● **Exercise brief**:
Start to finish, retype the entries exactly while omitting the pictures.

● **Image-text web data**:

══════════

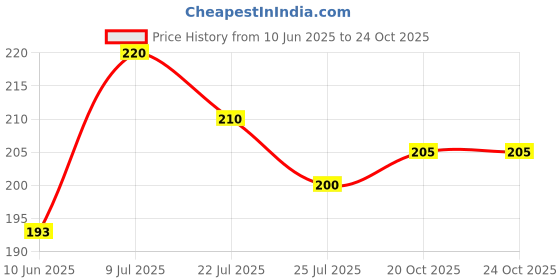 flipkart.com classymessi Solid, Self Design Sports/Regular Cap classymessi Price History Graph from 10 Jun 2025 to 23 Oct 2025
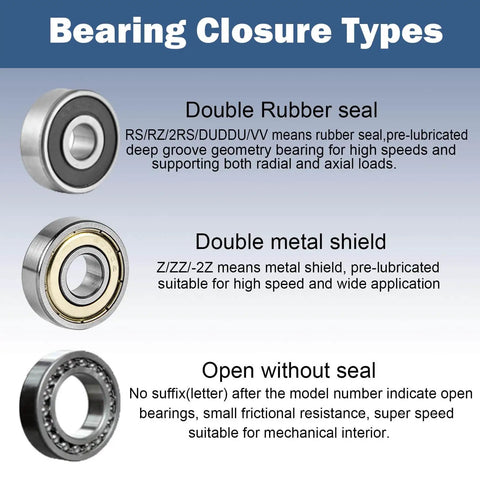 Bearing closure types: double rubber seal, double metal shield, open without seal; for 36-Piece Ball Bearing Kit use.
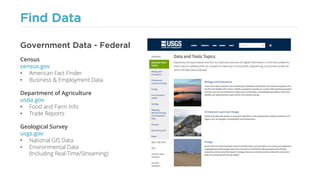 Find Data
Census
census.gov
• American Fact Finder
• Business & Employment Data
Department of Agriculture
usda.gov
• Food and Farm Info
• Trade Reports
Geological Survey
usgs.gov
• National GIS Data
• Environmental Data
(Including Real-Time/Streaming)
Government Data - Federal
 
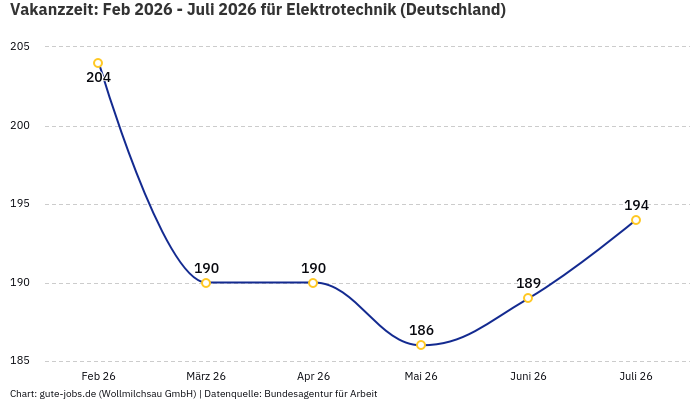 Vakanzzeit: Feb 2026 - Juli 2026 | Für Elektrotechnik | Bundesland Deutschland Vakanzzeit: Feb 2026 - Juli 2026 | Für Elektrotechnik | Bundesland Deutschland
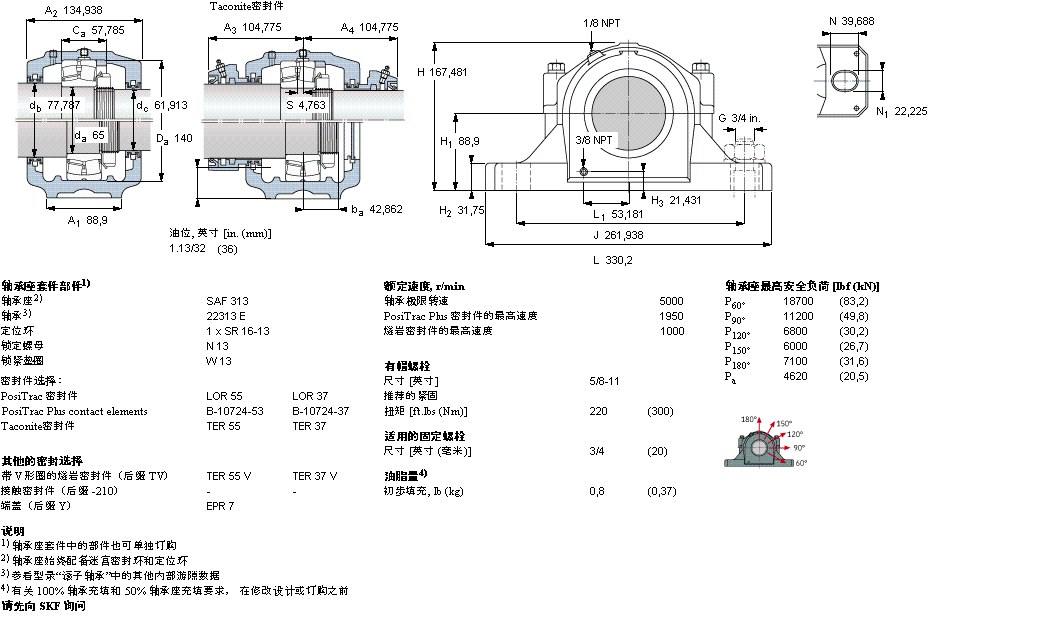 SKF 剖分立式軸承座, SAF 系列 - 帶圓柱孔的球面滾子軸承SAF22313樣本圖片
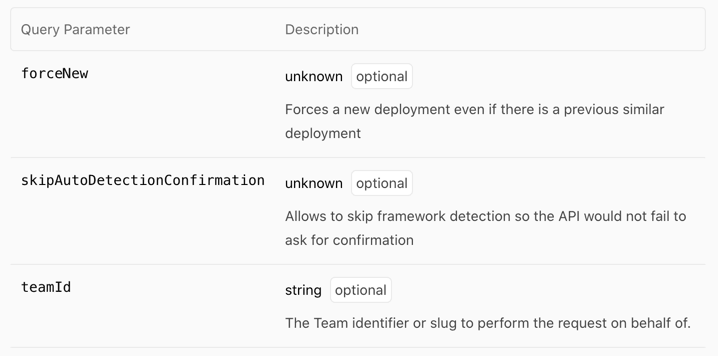 Unknown types in the docs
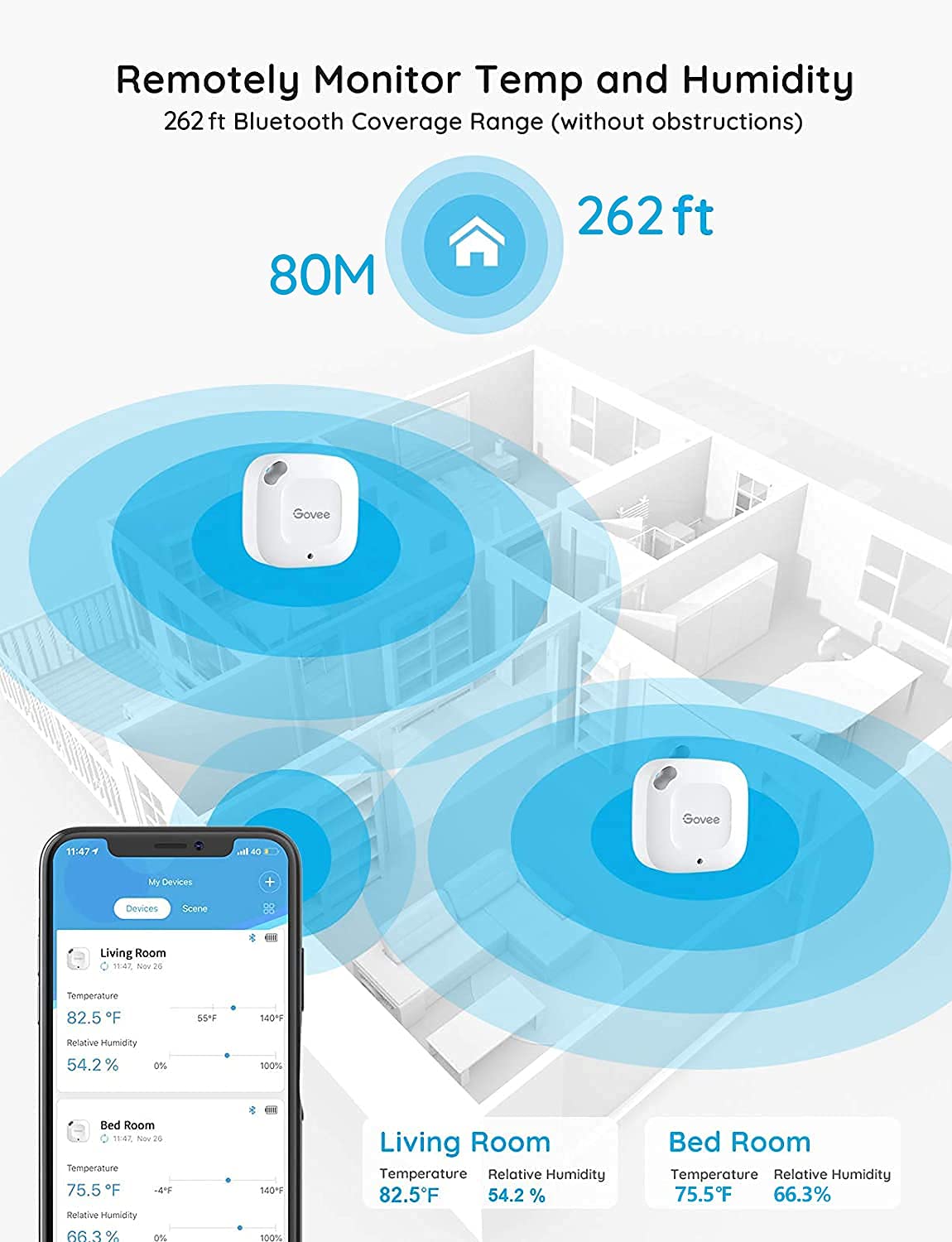 Govee sensor next to key fob showing compact size and portable convenience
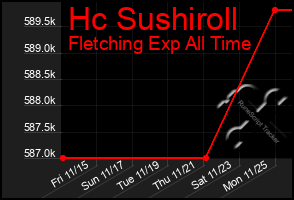 Total Graph of Hc Sushiroll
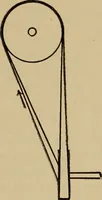 Picture 465 of 1376 from Appletons' cyclopædia of technical drawing (1896), leaf 306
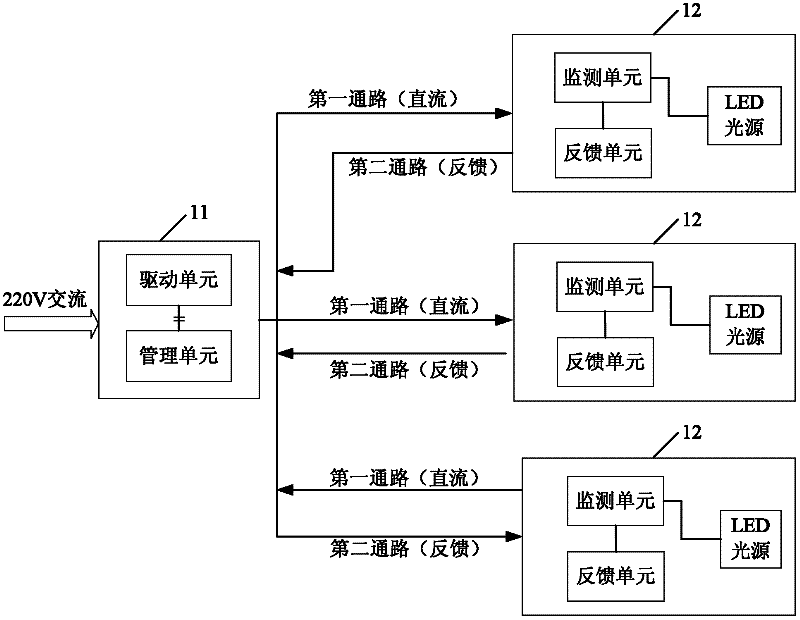 Illuminating system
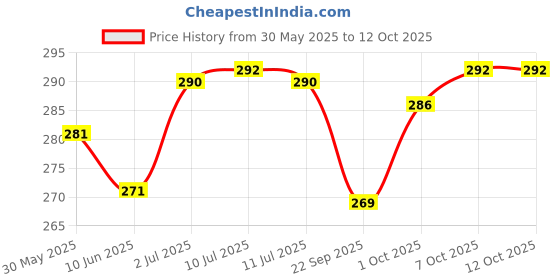 flipkart.com ximdeco Analog Black Clock ximdeco Price History Graph from 30 May 2025 to 12 Oct 2025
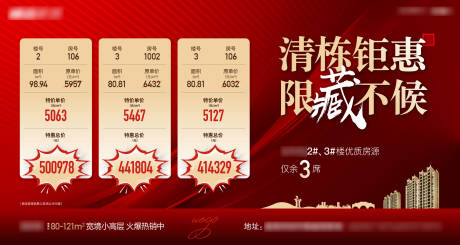 源文件下载【享设计】搜索编号：32980007103347789【特价房地产活动展板】
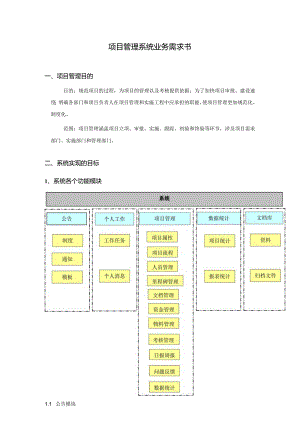 集成公司项目管理系统业务需求书.docx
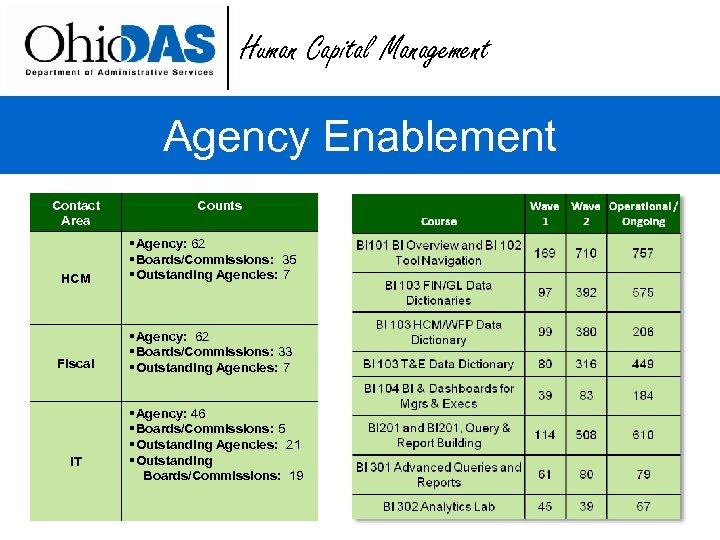 Human Capital Management Agency Enablement Contact Area Counts HCM § Agency: 62 § Boards/Commissions:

══════════

● **Answer for the task**:
 flipkart.com classymessi Solid, Self Design Sports/Regular Cap classymessi Price History Graph from 10 Jun 2025 to 23 Oct 2025
 Bearing closure types: double rubber seal, double metal shield, open without seal; for 36-Piece Ball Bearing Kit use.
 Find Data
Census
census.gov
• American Fact Finder
• Business & Employment Data
Department of Agriculture
usda.gov
• Food and Farm Info
• Trade Reports
Geological Survey
usgs.gov
• National GIS Data
• Environmental Data
(Including Real-Time/Streaming)
Government Data - Federal
 
 Vakanzzeit: Feb 2026 - Juli 2026 | Für Elektrotechnik | Bundesland Deutschland Vakanzzeit: Feb 2026 - Juli 2026 | Für Elektrotechnik | Bundesland Deutschland
 SKF 剖分立式軸承座, SAF 系列 - 帶圓柱孔的球面滾子軸承SAF22313樣本圖片
 Unknown types in the docs
 Govee sensor next to key fob showing compact size and portable convenience
 Total Graph of Hc Sushiroll
 Picture 465 of 1376 from Appletons' cyclopædia of technical drawing (1896), leaf 306
 Illuminating system
 flipkart.com ximdeco Analog Black Clock ximdeco Price History Graph from 30 May 2025 to 12 Oct 2025
 源文件下载【享设计】搜索编号：32980007103347789【特价房地产活动展板】
 集成公司项目管理系统业务需求书.docx
 Human Capital Management Agency Enablement Contact Area Counts HCM § Agency: 62 § Boards/Commissions:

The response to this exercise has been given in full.